Yes, I held out on anointing Billy Hamilton the next big thing, and as a result, I am a little late to the game. With hindsight at my side, I would have still rated Mesoraco number one in this system, but Hamilton would have slotted in at number two. Hamilton is a legit MLB talent, and had his move to center field happened earlier, I might have jumped on the bandwagon more quickly.
Ranking Daniel Corcino so highly was not a popular move at the time this list was released, but I refused to ignore his raw stuff. He broke out a bit in 2012 and is now easily one of the best prospects in the system and a likely Top 150 guy. My personal experience with Corcino caused me to push him higher than most and at least for now, I’ve been rewarded for taking my own path.
Yorman Rodriguez’s development has not gone as planned and I’ve been slow to let go of the overall profile. He still intrigues and merits consideration for the back of the list, but having him in the top five was a mistake.

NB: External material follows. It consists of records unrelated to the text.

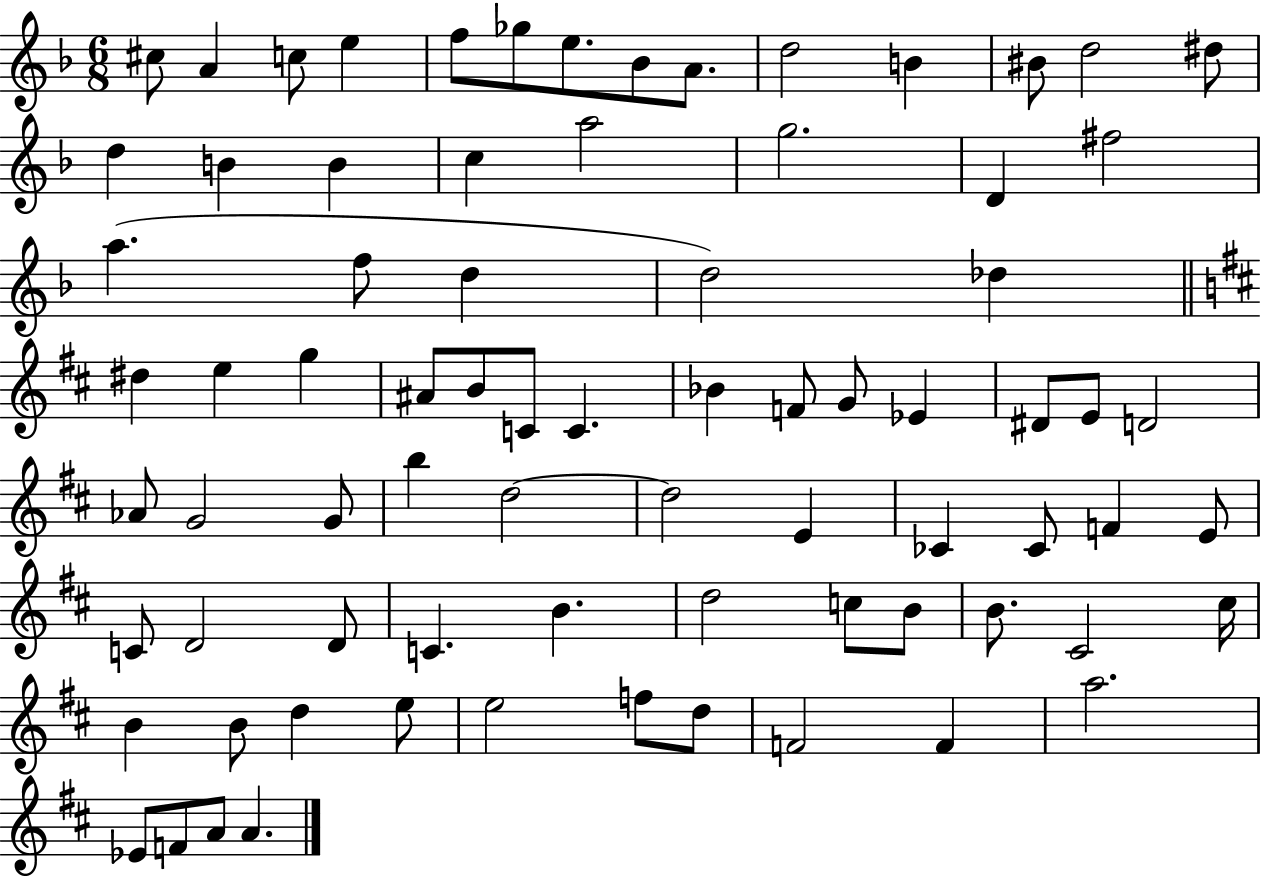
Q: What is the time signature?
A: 6/8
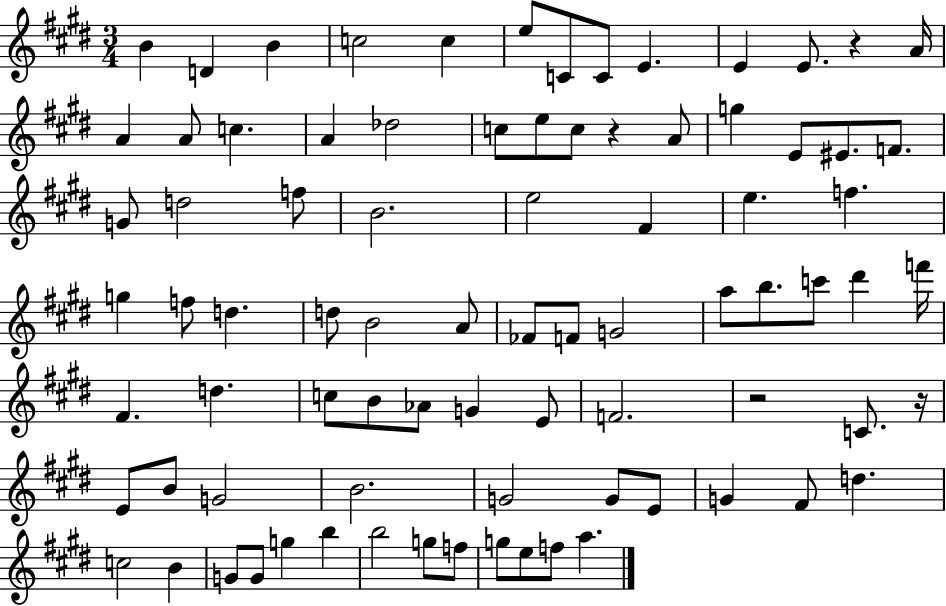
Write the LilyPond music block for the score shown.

{
  \clef treble
  \numericTimeSignature
  \time 3/4
  \key e \major
  \repeat volta 2 { b'4 d'4 b'4 | c''2 c''4 | e''8 c'8 c'8 e'4. | e'4 e'8. r4 a'16 | \break a'4 a'8 c''4. | a'4 des''2 | c''8 e''8 c''8 r4 a'8 | g''4 e'8 eis'8. f'8. | \break g'8 d''2 f''8 | b'2. | e''2 fis'4 | e''4. f''4. | \break g''4 f''8 d''4. | d''8 b'2 a'8 | fes'8 f'8 g'2 | a''8 b''8. c'''8 dis'''4 f'''16 | \break fis'4. d''4. | c''8 b'8 aes'8 g'4 e'8 | f'2. | r2 c'8. r16 | \break e'8 b'8 g'2 | b'2. | g'2 g'8 e'8 | g'4 fis'8 d''4. | \break c''2 b'4 | g'8 g'8 g''4 b''4 | b''2 g''8 f''8 | g''8 e''8 f''8 a''4. | \break } \bar "|."
}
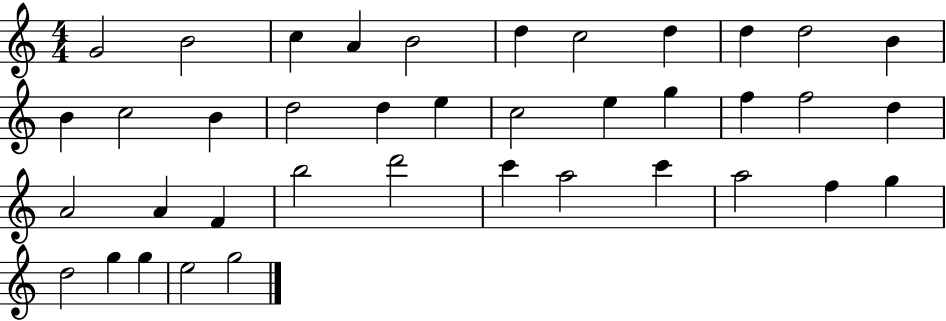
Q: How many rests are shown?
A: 0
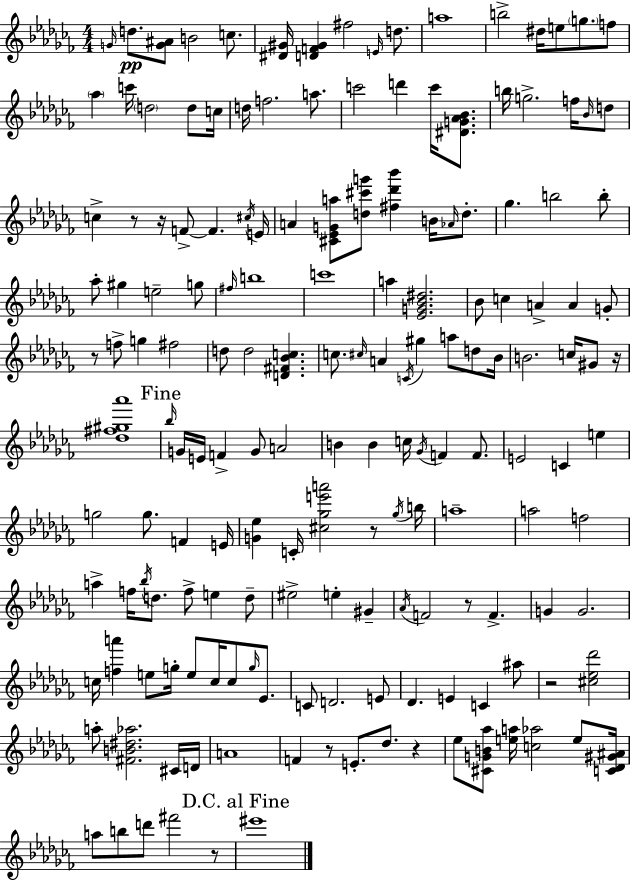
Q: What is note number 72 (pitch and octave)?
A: G4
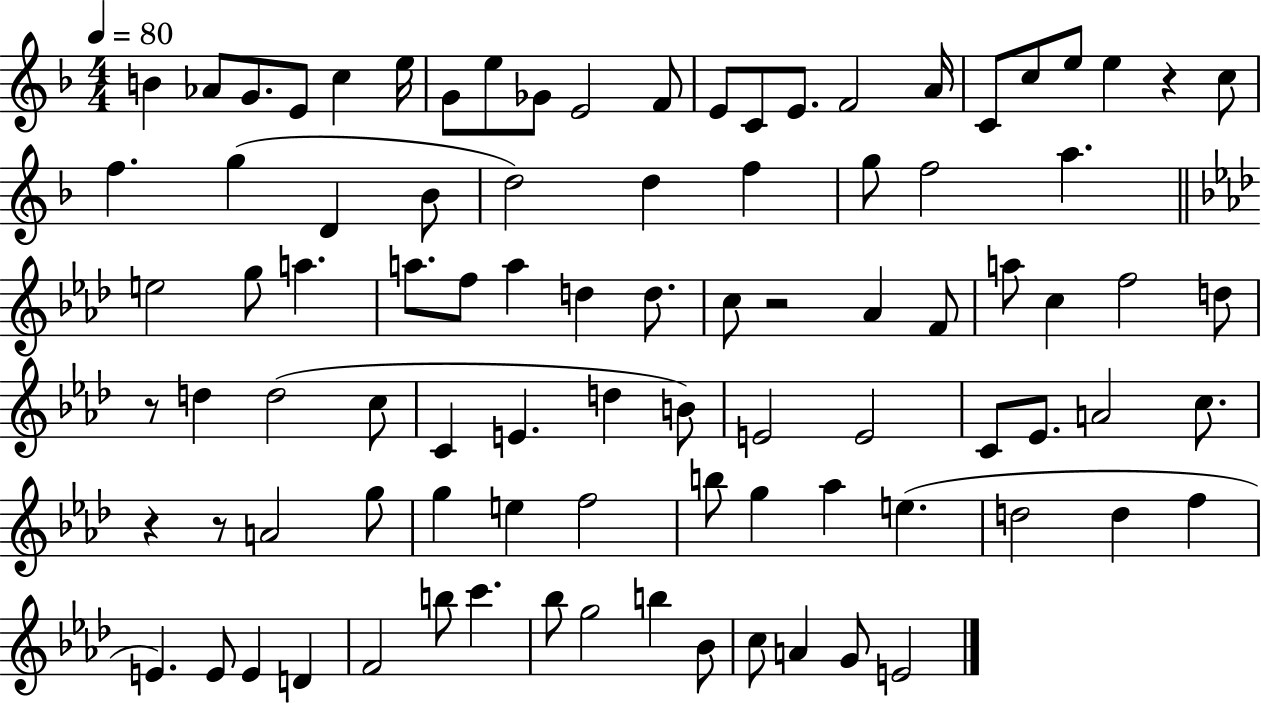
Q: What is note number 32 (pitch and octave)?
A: E5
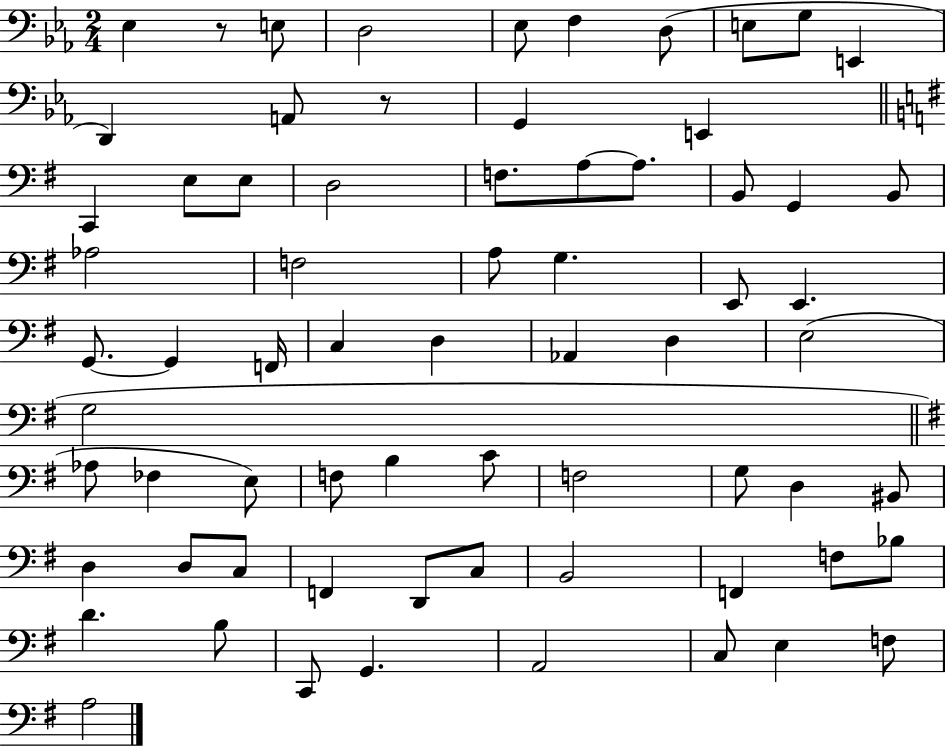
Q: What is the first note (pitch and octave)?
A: Eb3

The Reds overall Top 15 thinned out quickly last year and I was left to include players like Neftali Soto, Gabriel Rosa and Ryan Wright, players that wouldn’t have sniffed a deeper system’s list. In hindsight, there weren’t many better options for the back third of the list, meaning I probably wasn’t the only one struggling to piece that together.
In the end, the strength of the list was the conviction I carried with players like Corcino, Stephenson, Gregorius and Guillon, while the weaknesses I showed included a slow belief in Billy Hamilton and an underrating of Tony Cingrani.